34. The cases in A.R.Antulay v. Ramdas Sriniwas Nayak and Another, [(1984)2 Supreme Court Cases 500] and K.Chinnaswamy Reddy v. State of Andhra Pradesh and another, [AIR 1962 Supreme Court 1788] as rightly contended by Mr.R.Shanmugasundaram, learned senior counsel, respectively deal with the question of who could set the criminal law in motion and the power of the High Court in revision against the order of acquittal. While on this, it may not be out of place to notice the Bar Council of India Rules.

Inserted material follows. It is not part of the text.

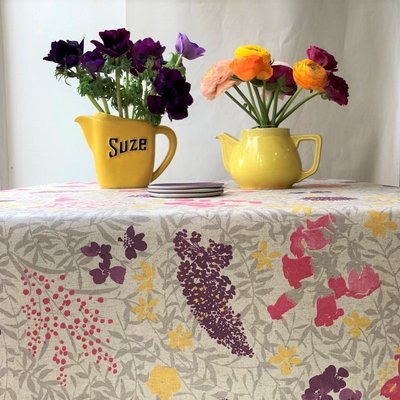 Nappe enduite ronde ou ovale MIMOSA fond lin FLEUR DE SOLEIL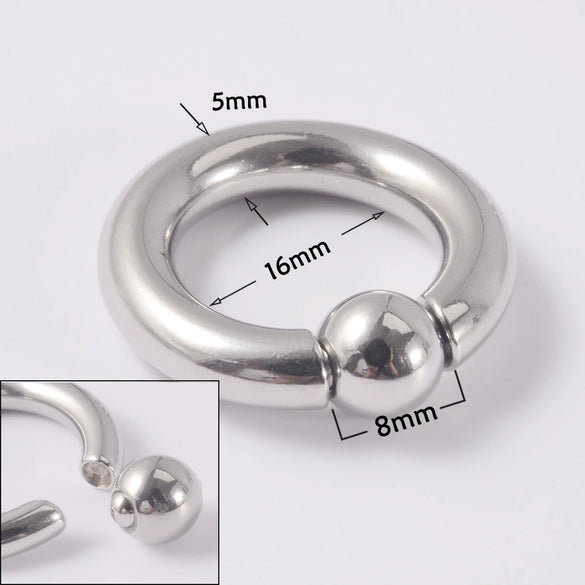 316L Stainless Steel Round Clip Ball Multipurpose Ring Earrings Ear Bone Ring Unisex Simple Style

Rule 9 in Section I – Duty to the Court in Chapter II – Standards of Professional Conduct and Etiquette in Part VI, Rules Governing Advocates:
"9.An advocate should not act or plead in any manner in which he is himself peculiarly interested.
I. He should not act in a bankruptcy petition when he himself is also a creditor of the bankrupt.
II. He should not accept a brief from a company of which he is Director". From a reading of the illustration, I am inclined to think that the words intended in Rule 9 would be "pecuniarily interested" and not "peculiarly interested". However, for the purposes of this case, the matter may be left there, since there can be no doubt that the conduct of the petitioners is one of fomenting litigation and of stepping into the shoes of the litigants thereby blurring the distinction between counsel and client.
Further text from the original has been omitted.